→ **Work request**
Set down, exactly and only, everything from the line containing "One thing you've" down to the line containing "Hope you like" in the data below; the pictures are not part of the copy.
______
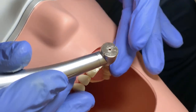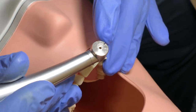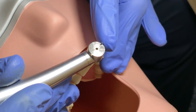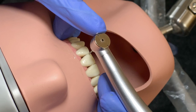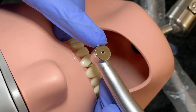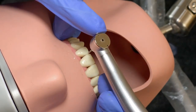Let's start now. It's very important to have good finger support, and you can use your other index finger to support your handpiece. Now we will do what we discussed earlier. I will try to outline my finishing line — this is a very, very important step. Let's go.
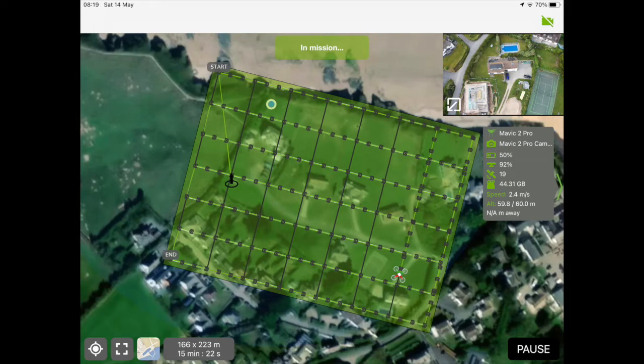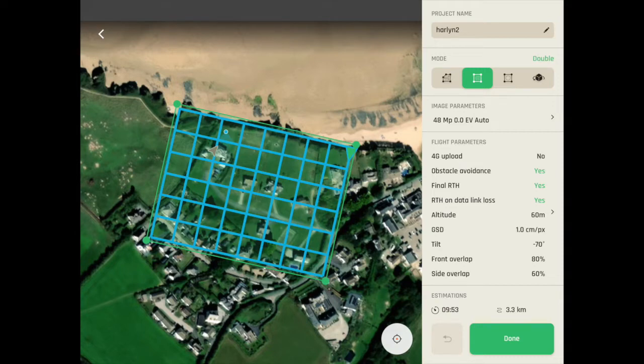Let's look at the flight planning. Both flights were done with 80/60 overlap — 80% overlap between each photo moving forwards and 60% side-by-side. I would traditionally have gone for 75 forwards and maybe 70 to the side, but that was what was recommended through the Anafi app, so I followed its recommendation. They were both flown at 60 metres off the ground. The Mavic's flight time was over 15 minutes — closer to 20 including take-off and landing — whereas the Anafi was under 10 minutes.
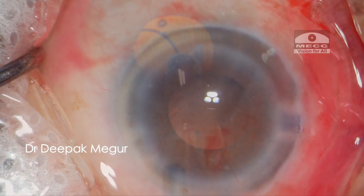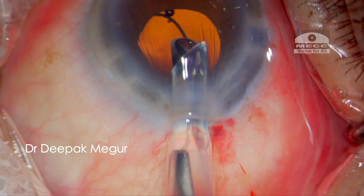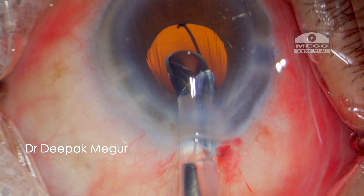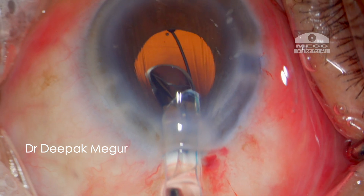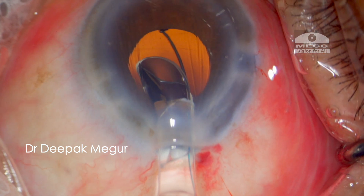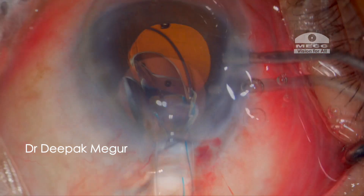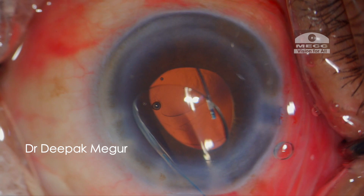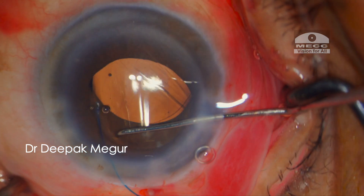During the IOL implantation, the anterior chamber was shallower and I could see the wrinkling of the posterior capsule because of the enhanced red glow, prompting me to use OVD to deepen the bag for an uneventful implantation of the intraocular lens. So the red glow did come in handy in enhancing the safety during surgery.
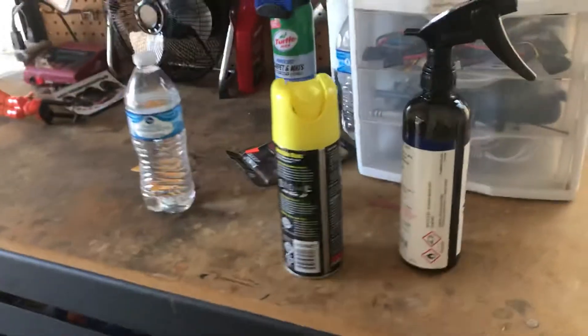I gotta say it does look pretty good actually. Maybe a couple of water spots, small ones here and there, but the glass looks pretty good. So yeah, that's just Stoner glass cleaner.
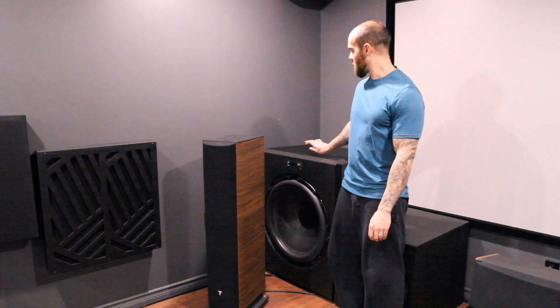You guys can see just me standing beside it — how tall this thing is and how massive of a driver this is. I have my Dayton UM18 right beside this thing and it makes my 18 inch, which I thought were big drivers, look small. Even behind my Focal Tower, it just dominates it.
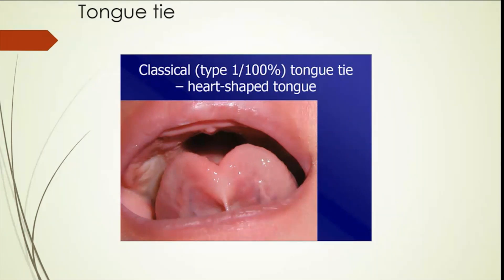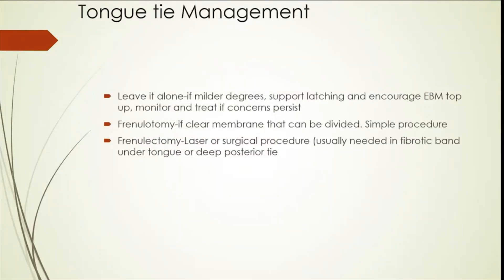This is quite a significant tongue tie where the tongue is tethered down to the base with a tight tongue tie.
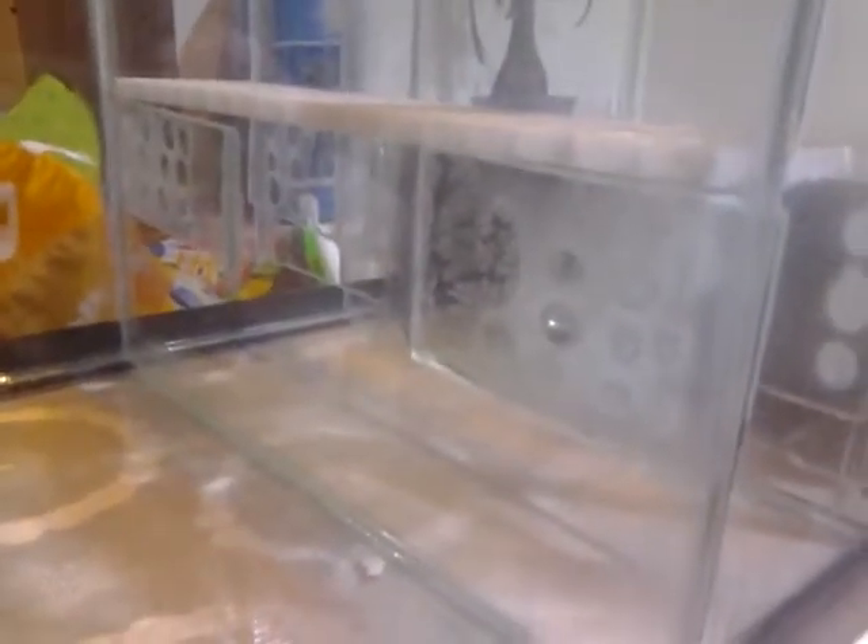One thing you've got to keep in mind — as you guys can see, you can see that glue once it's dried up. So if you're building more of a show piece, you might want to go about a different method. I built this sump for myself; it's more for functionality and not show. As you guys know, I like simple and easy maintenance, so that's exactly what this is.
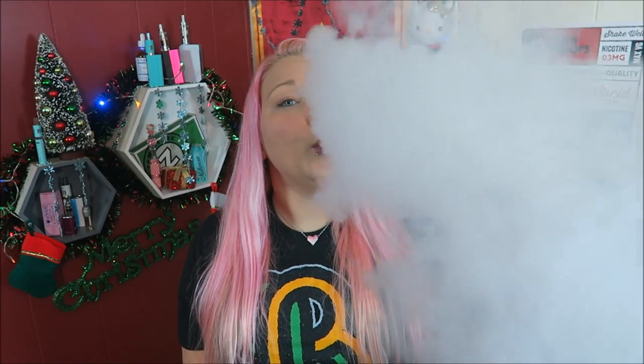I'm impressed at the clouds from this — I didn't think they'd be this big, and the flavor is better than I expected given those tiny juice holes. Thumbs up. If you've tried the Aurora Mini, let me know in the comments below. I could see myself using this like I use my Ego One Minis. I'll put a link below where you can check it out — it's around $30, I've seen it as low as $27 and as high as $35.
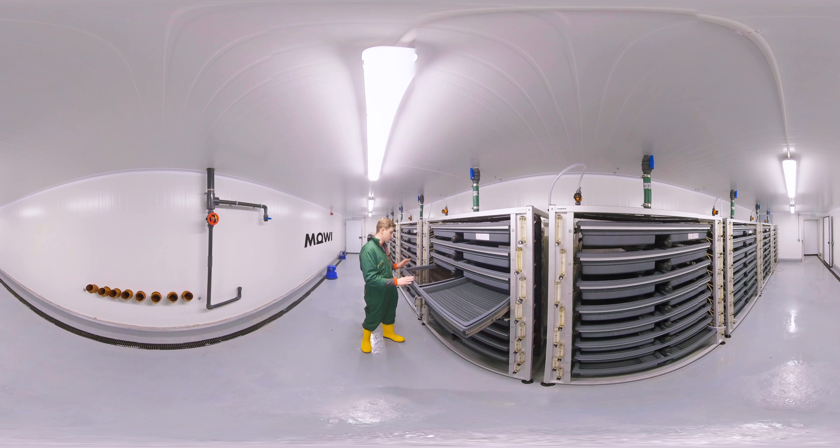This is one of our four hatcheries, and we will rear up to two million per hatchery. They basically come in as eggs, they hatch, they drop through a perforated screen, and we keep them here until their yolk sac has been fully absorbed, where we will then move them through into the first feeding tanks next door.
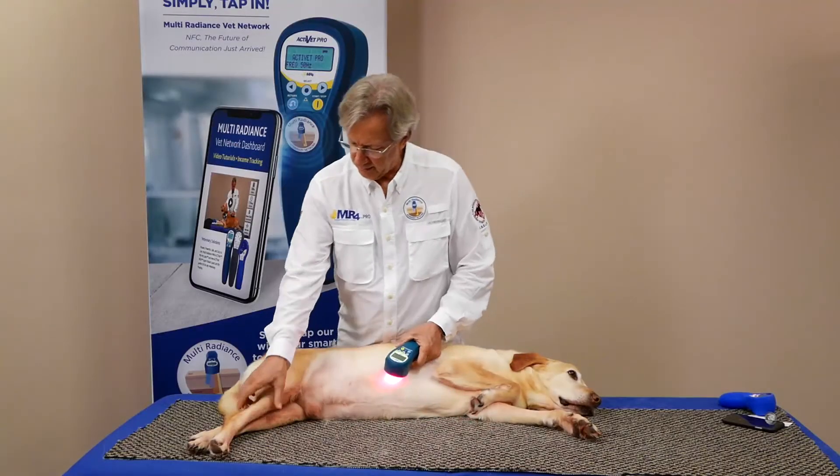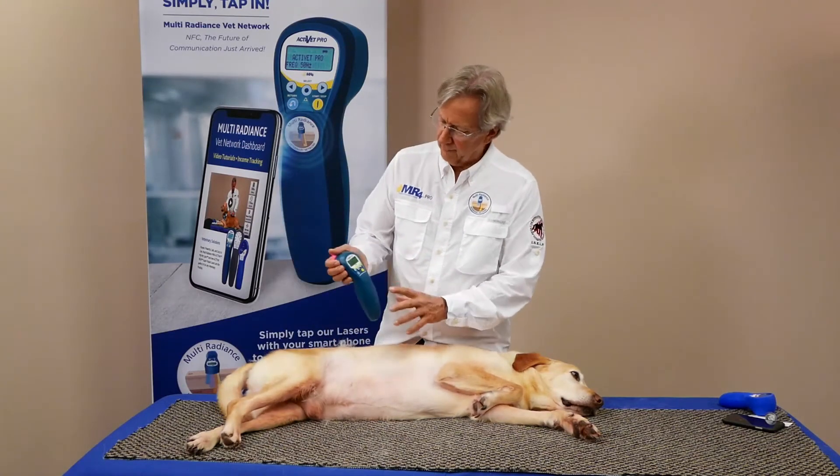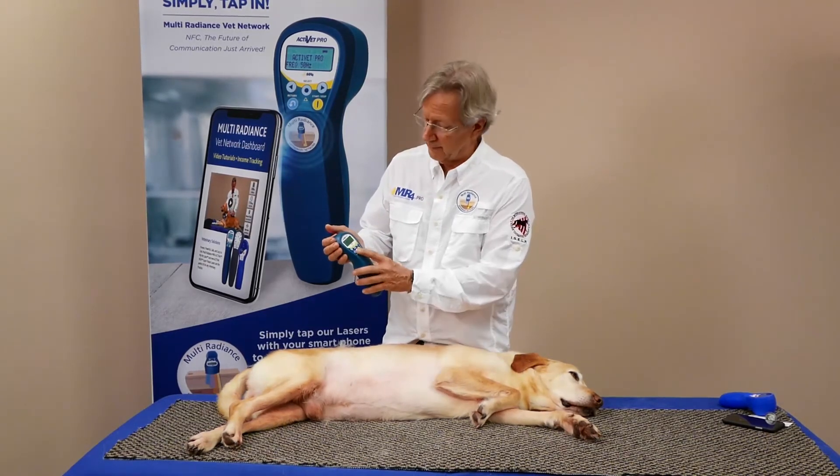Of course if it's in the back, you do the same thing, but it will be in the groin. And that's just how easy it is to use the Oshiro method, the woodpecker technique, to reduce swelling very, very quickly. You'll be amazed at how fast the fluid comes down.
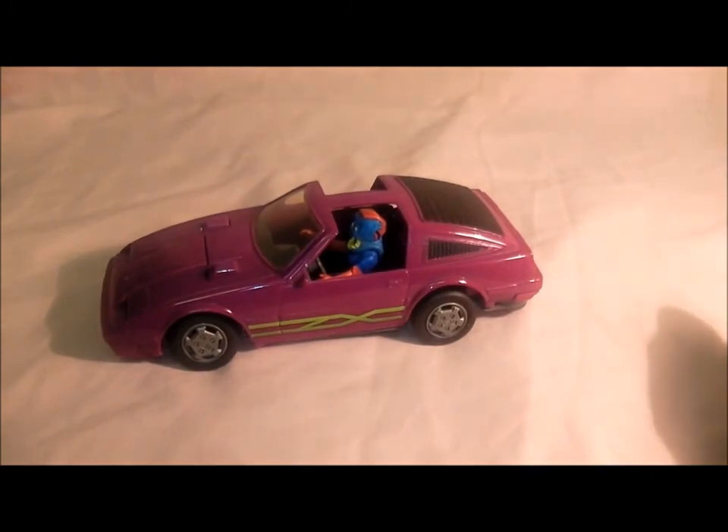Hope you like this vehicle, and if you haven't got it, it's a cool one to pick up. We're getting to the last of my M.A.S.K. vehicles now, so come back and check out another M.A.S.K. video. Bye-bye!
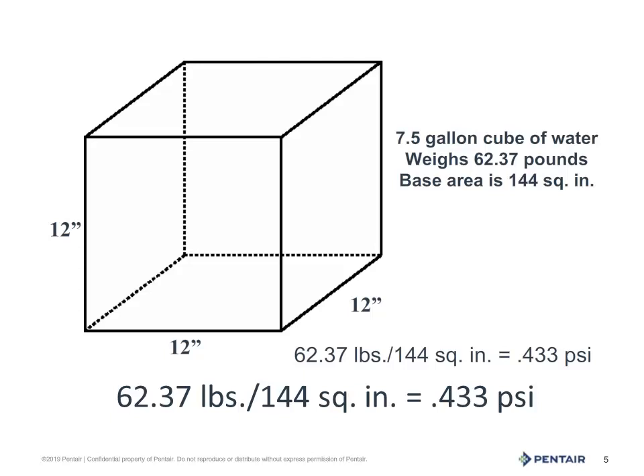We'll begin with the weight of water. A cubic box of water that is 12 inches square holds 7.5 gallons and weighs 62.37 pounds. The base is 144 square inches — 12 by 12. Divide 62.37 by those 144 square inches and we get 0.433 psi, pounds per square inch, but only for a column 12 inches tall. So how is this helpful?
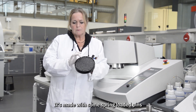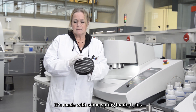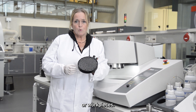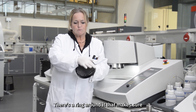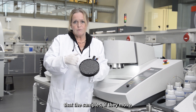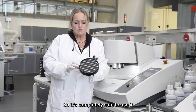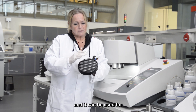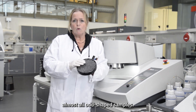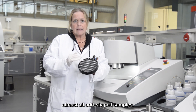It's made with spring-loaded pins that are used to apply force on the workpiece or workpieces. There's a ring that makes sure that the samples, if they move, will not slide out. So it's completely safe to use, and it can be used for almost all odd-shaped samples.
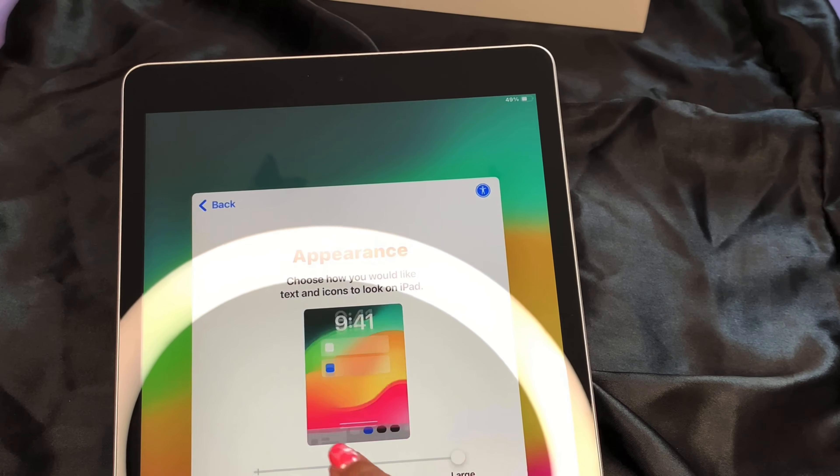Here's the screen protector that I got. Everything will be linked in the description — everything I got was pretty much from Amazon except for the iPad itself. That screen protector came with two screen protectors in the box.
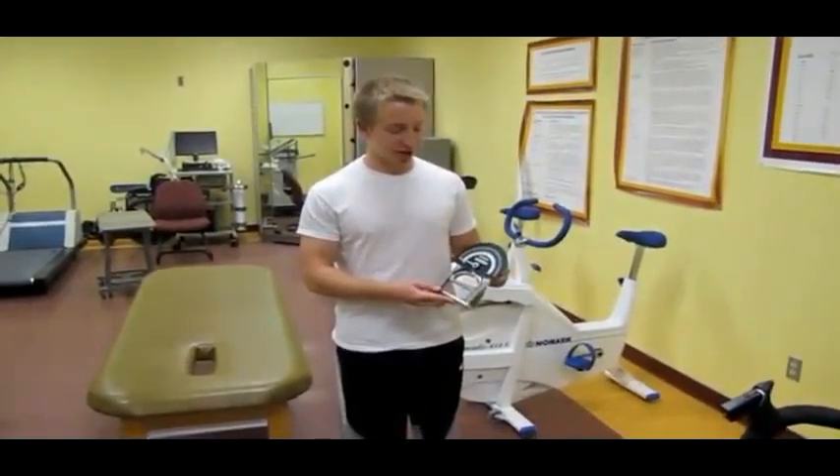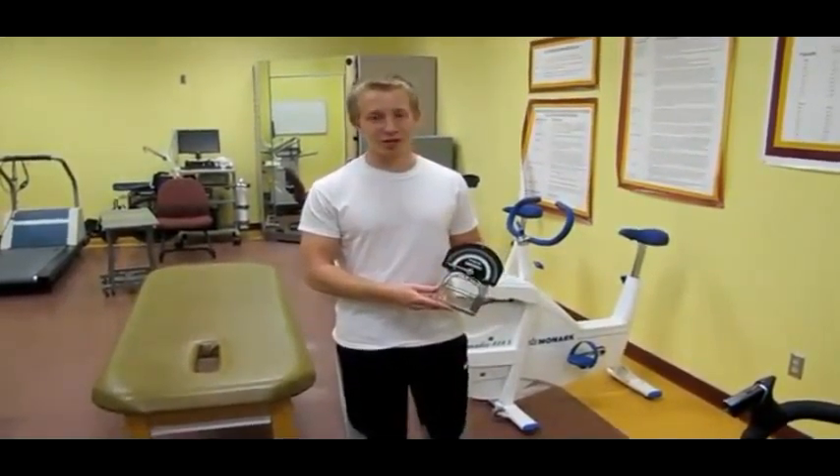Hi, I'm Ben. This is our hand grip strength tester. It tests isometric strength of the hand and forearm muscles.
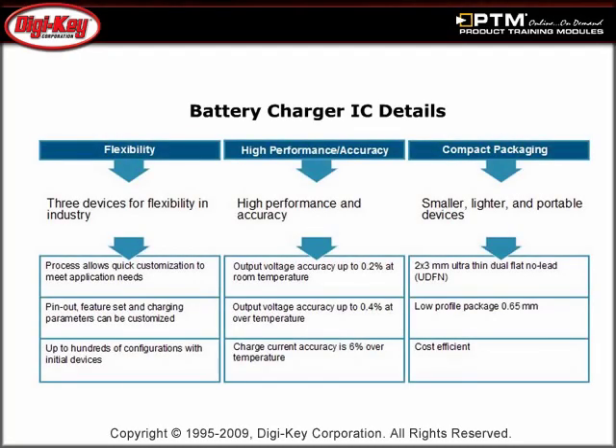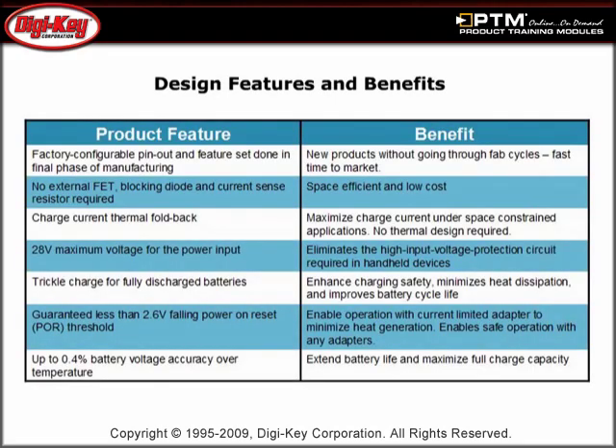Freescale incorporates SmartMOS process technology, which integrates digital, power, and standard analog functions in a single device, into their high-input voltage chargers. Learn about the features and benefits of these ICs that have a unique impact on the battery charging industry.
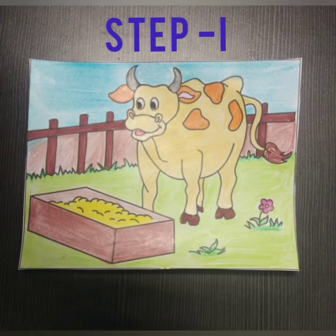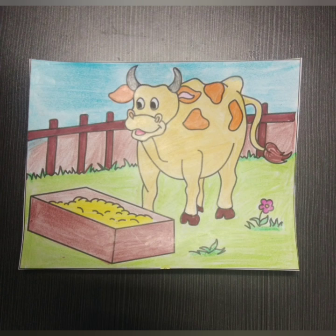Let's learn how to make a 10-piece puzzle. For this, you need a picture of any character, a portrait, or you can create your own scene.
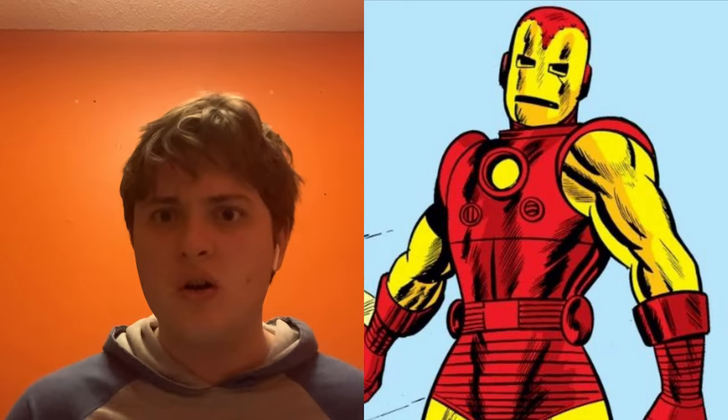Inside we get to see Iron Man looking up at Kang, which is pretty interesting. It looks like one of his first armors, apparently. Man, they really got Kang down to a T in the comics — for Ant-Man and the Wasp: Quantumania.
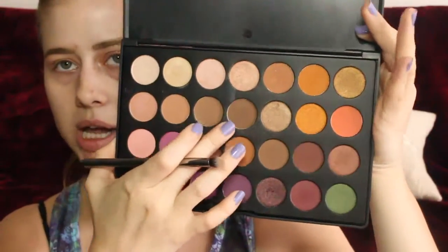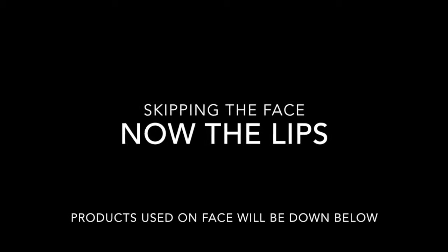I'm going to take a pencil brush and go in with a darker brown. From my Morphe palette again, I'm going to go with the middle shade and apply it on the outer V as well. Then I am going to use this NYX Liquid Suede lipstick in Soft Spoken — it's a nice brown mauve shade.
______
→ **Response to the task**
One thing you've got to keep in mind — as you guys can see, you can see that glue once it's dried up. So if you're building more of a show piece, you might want to go about a different method. I built this sump for myself; it's more for functionality and not show. As you guys know, I like simple and easy maintenance, so that's exactly what this is.
I'm impressed at the clouds from this — I didn't think they'd be this big, and the flavor is better than I expected given those tiny juice holes. Thumbs up. If you've tried the Aurora Mini, let me know in the comments below. I could see myself using this like I use my Ego One Minis. I'll put a link below where you can check it out — it's around $30, I've seen it as low as $27 and as high as $35.
This is one of our four hatcheries, and we will rear up to two million per hatchery. They basically come in as eggs, they hatch, they drop through a perforated screen, and we keep them here until their yolk sac has been fully absorbed, where we will then move them through into the first feeding tanks next door.
Of course if it's in the back, you do the same thing, but it will be in the groin. And that's just how easy it is to use the Oshiro method, the woodpecker technique, to reduce swelling very, very quickly. You'll be amazed at how fast the fluid comes down.
Hope you like this vehicle, and if you haven't got it, it's a cool one to pick up. We're getting to the last of my M.A.S.K. vehicles now, so come back and check out another M.A.S.K. video. Bye-bye!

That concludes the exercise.